Here are some examples of the kind of things I'm talking about:
Break Iraq into three parts. Peter Galbraith made the case for this a few days ago and I was skeptical of it, but it's nonetheless a compelling and worthwhile idea. It's easy to understand and explain, it cuts through a lot of problems at once, and it's not something Bush is proposing.
Significantly expand the Army, especially its peacekeeping functions. You could put a humanitarian spin on this too. Or maybe a new branch of the military dedicated to special ops. No more arguments between the CIA and the Air Force about who's in charge of Predator drones.

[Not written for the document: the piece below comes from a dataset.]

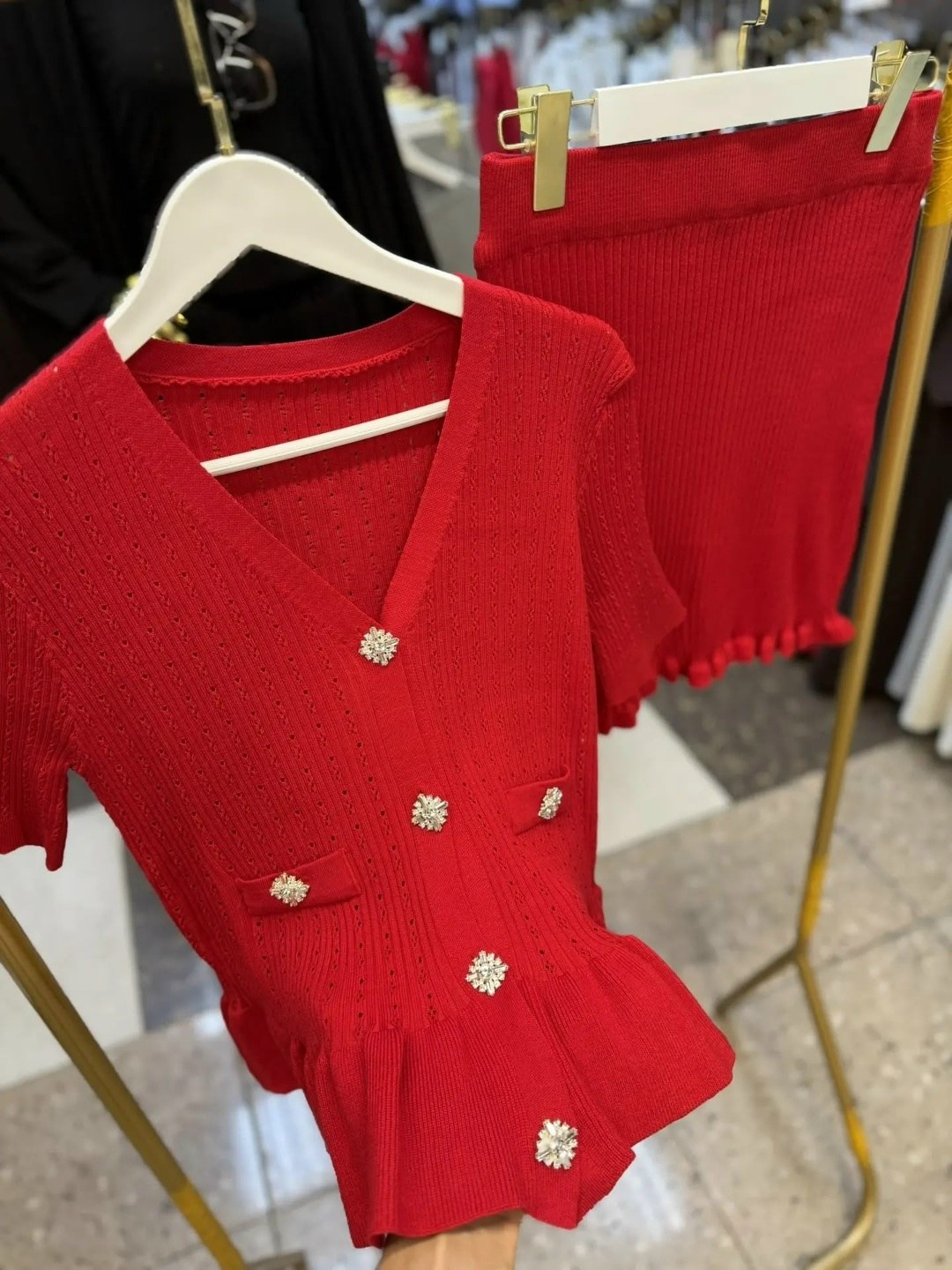 костюм с юбкой женский,трикотажный костюм,вязаные костюмы,костюм женский,трикотажный костюм женский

Propose killing a major weapons system. Maybe the F-35, or something to do with missile defense. Recommend a major new program for technology better suited to asymmetrical warfare against terrorists. A military that's oriented toward fighting terrorism, not the Cold War, is badly needed, and Bush has done little to get us there. He's vulnerable on this issue, and it's an area where Kerry could really score some points.
I'm not necessarily advocating any of these specific ideas, but you get the idea. Kerry needs to pick something he believes in and then hone it into a proposal that's easy to understand, that provokes a serious debate, and that makes him look like the guy with new ideas compared to a hidebound administration that refuses to face up to the requirements of a new kind of warfare. And don't get hung up on the details.
And one more thing: as Mark Schmitt observed a few days ago, this is something where the usual Democratic pressure groups need to give Kerry some breathing room. Some of them undoubtedly think he should just declare the Iraq war unwinnable and propose that we withdraw. But in the America we actually live in, as opposed to the one in our imaginations, that would be suicidal. George McGovern is still alive and can confirm this.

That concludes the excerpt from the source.